Reproduce word for word every line from the one containing "ROLL CAGE and BUCKET SEATS.." through the end of the listing below; omit the pictures.

*Raw data*.
[Start of section]
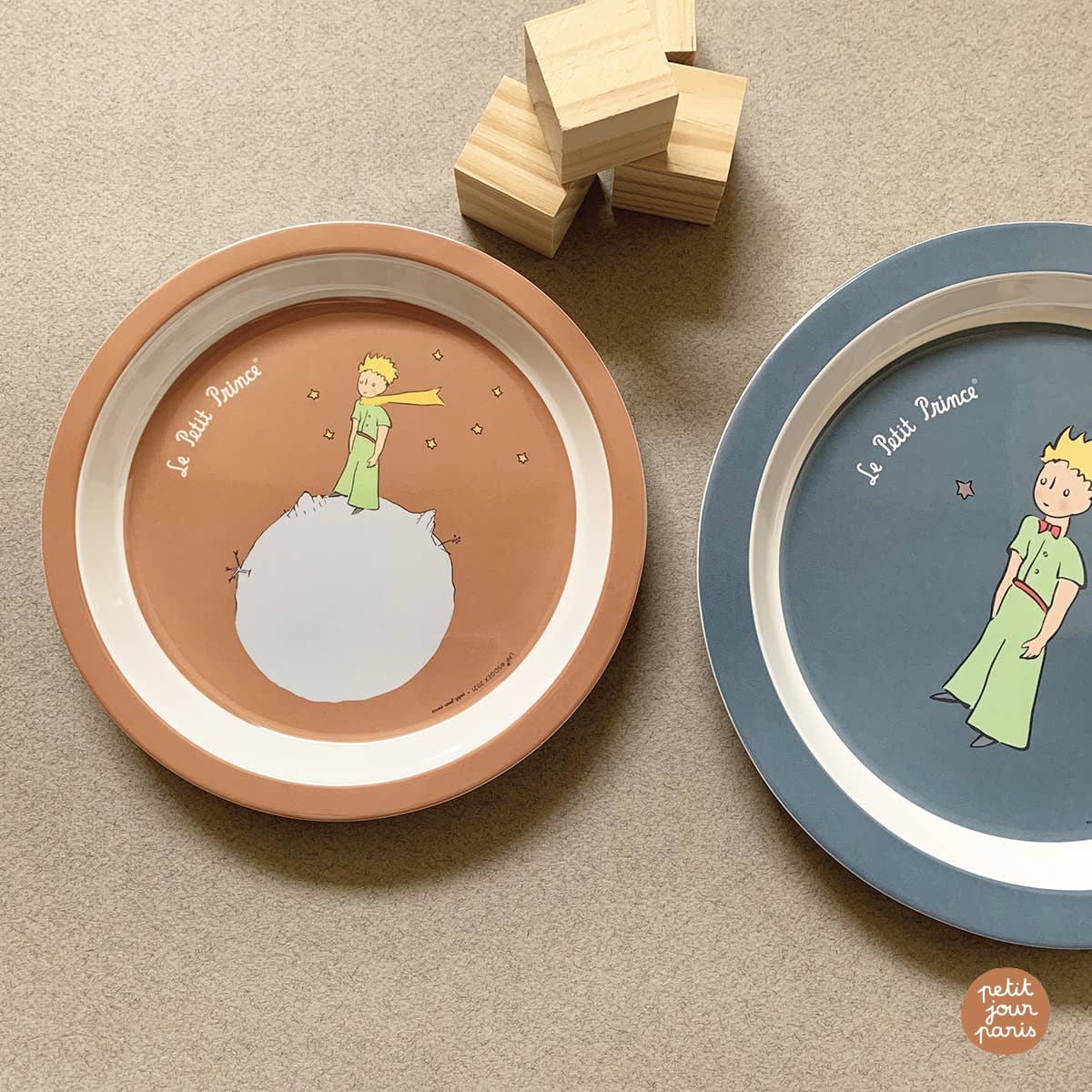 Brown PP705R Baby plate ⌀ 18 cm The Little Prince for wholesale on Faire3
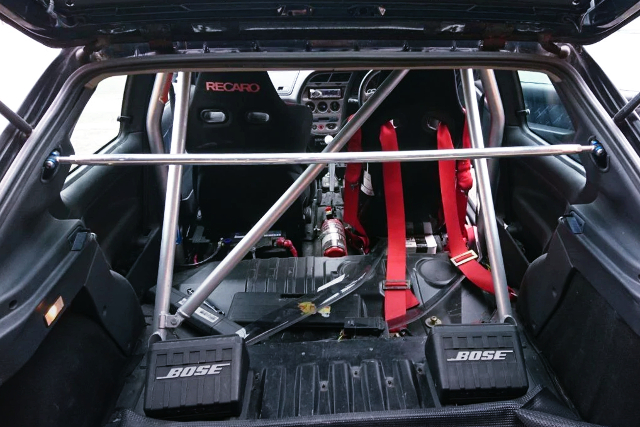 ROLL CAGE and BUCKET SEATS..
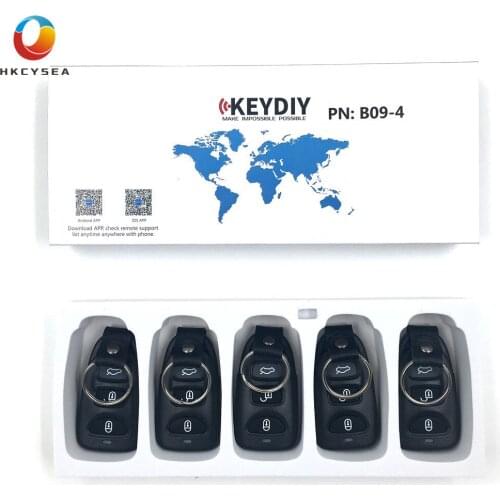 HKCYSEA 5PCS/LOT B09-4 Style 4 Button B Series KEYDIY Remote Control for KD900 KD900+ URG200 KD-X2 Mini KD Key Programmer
[End of section]
*Exercise output*.
 ROLL CAGE and BUCKET SEATS..
 HKCYSEA 5PCS/LOT B09-4 Style 4 Button B Series KEYDIY Remote Control for KD900 KD900+ URG200 KD-X2 Mini KD Key Programmer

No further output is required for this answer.